Episode 830: The Book I Wrote (original) (raw)
“There may be only one way of preventing tonight from happening.”
Last cliffhanger, Charity had a vision of Quentin’s death (stabbed or something — lots of blood on his chest). At beginning of this episode, she is wandering in the woods. Magda finds her and Charity says Quentin will die in 12 days — September 10. Reverend Trask comes home and finds that while Edward + Jameson have been cured, Charity is still possessed. She says she’ll kill anyone who comes between her and Quentin. Trask asks Magda to watch Charity. Quentin realizes there’s a full moon that night and he tells Magda he’s going to stop the change.
Or, at least, that’s what happens in today’s episode according to the original version of Dark Shadows Every Day, which I started in a school notebook when I was fifteen. I might have chosen my words more carefully if I’d known that I was going to show it to people thirty years later. Also, I apparently didn’t know how to spell Jamison.
So, the curtain rises on Young Danny, in the early evening of February 26, 1986, scribbling notes on the first page of my Dark Shadows diary. This was my analog version of a blog, which I wrote faithfully every day for the next eight months, until New Jersey Network tragically pulled the show from their schedule, just as Parallel Time was starting to get good.
Coincidentally, the day that I’m writing this post is almost exactly thirty years after I started the notebook; that anniversary is only five days away. And thirty years on, I’m still taking notes all the time, about almost everything. I have a terrible memory for names and dates and people and locations and pretty much anything that’s ever happened to me. The only way I can keep my life vaguely functional is through an elaborate system of notes and reminders and written records. In a pinch, I write on my hand. Memento is basically a home movie for me.

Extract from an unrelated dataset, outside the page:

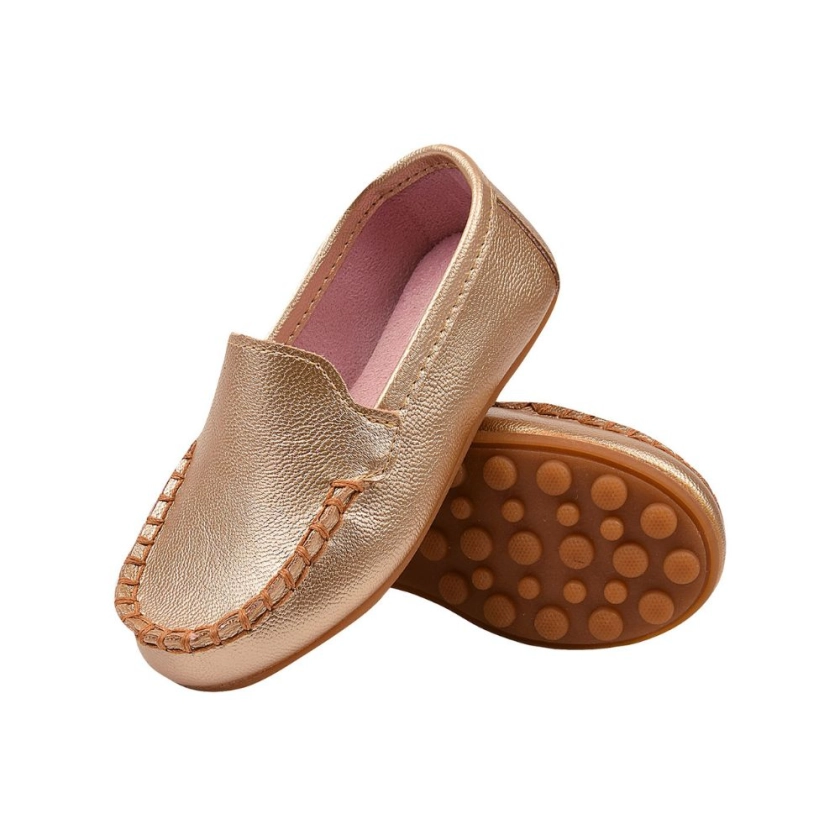 Na foto temos um lindo mocassim masculino super confortável na cor Dourada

But I remember why I started keeping this notebook. In yesterday’s episode, Charity had a vision that Quentin would die on September 10th. After months of entertaining detours, the writers are signaling that they’re heading for the long-delayed climax of the 1897 storyline — the day that Quentin is sealed up in his room, waiting like an angry pharoah to be discovered by unwary tomb-raiders.
Obviously, I wanted to know how long Quentin had left — I absolutely adored the guy, and I was hoping that somehow he’d manage to avert his fate, and stay on the show. Naturally, the only way to know when Quentin would die was to write down everything that happened on the show, keeping track of Collinsport’s sunrises and sunsets, so that I could figure out how many episodes it would take for twelve days to pass.
Now that I’m older and wiser, of course, I understand that that’s not how time works on soap operas. The broadcast date is also the in-universe date on the show, even if the same night goes on for three episodes.
The producers don’t expect people to write down everything that happens in every episode of a daytime soap, so that they can keep track of what day the episode is set. That would be an insane thing for somebody in the audience to do. They established that it was August 28, 1897 because that episode aired on August 28, 1969 — and when Charity said that Quentin would die on September 10th, she meant the episode airing on September 10, 1969.
But there’s a time jump in the way — from Charity in August 1969, to Young Danny in February 1986. The ’69 audience knew that September 10th was 12 days away, so they understood Dark Shadows in a way that Young Danny didn’t. They also knew about Woodstock and Vietnam and the moon landing and the Doors. Young Danny didn’t really know any of that context; he didn’t even pay that much attention to what was happening in 1986. Who has time to attend to current events, when you have to update a daily dossier on your vampire soap opera?
So this notebook is a little window into what it was like the first time I watched these episodes, with no idea what was coming up. I didn’t have a Dark Shadows Wiki at the time; all of the information that I had about Dark Shadows was from fan-published zines, and I only had a couple of those. So I knew some cryptic names — Leviathan, Parallel Time, Nicholas Blair — but nothing else.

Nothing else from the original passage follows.